Hello everyone just to introduce myself as a newbie on here...my name is Julian Evan-Hart and Im passionate about all things aviation from 1939-1945 its that time of year again where I browse Internet and select a few new forums to join, and this one looks very good. 
Kind regards Jules


----------



## Airframes (Sep 10, 2011)

Hi Jules, and welcome from 'Up North ! Lots of friendly and helpful people here, stick around and enjoy the banter.


----------



## Crimea_River (Sep 10, 2011)

Welcome Jules!


----------



## vikingBerserker (Sep 10, 2011)

Welcome abaord!


----------



## imalko (Sep 10, 2011)

Hello and welcome Jules. Enjoy the forum.


----------



## Gnomey (Sep 10, 2011)

Welcome.


----------



## Wildcat (Sep 10, 2011)

Welsome Aboard Jules


----------



## Wayne Little (Sep 11, 2011)

Welcome aboard mate!


----------



## Njaco (Sep 11, 2011)

Welcome from across the Pond, Jules!


----------



## le_steph40 (Sep 11, 2011)

Hello and welcome Julian


----------



## Thorlifter (Sep 11, 2011)

Welcome to the forum


----------



## BikerBabe (Sep 11, 2011)

Hi Julian, and welcome to the asy...forum. 
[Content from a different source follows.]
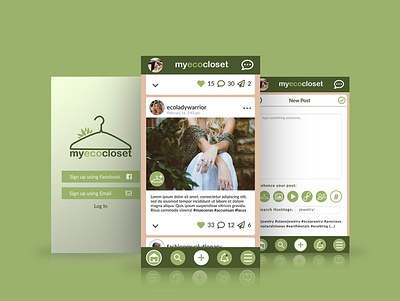 MyEcoCloset Social App app design icon minimal ui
Cheers from me in Denmark.

Maria.


----------



## razor1uk (Sep 11, 2011)

Hello, welcome, enjoy and follow your curiousity Jules


----------



## brucejscott (Sep 13, 2011)

Welcome Julian. Make yourself at home.


----------



## fw190d (Sep 13, 2011)

Welcome to the form, from Canada


----------



## stona (Sep 14, 2011)

Hi Jules,I've read a couple of your books. 'War torn skies' rather than the detectoring (is that right?) ones whilst I was working over in the Bedfordshire/Cambridgeshire area.
Welcome to the forum.
Cheers
Steve


----------



## wheelsup_cavu (Sep 16, 2011)

Welcome to the forum Jules. 8)


Wheels


----------



## Wurger (Sep 17, 2011)

Welcome to the site. Greetings from Poland.


----------



## Geedee (Sep 20, 2011)

Welcome aboard


----------



## Lucky13 (Sep 24, 2011)

Welcome to the family mate!


----------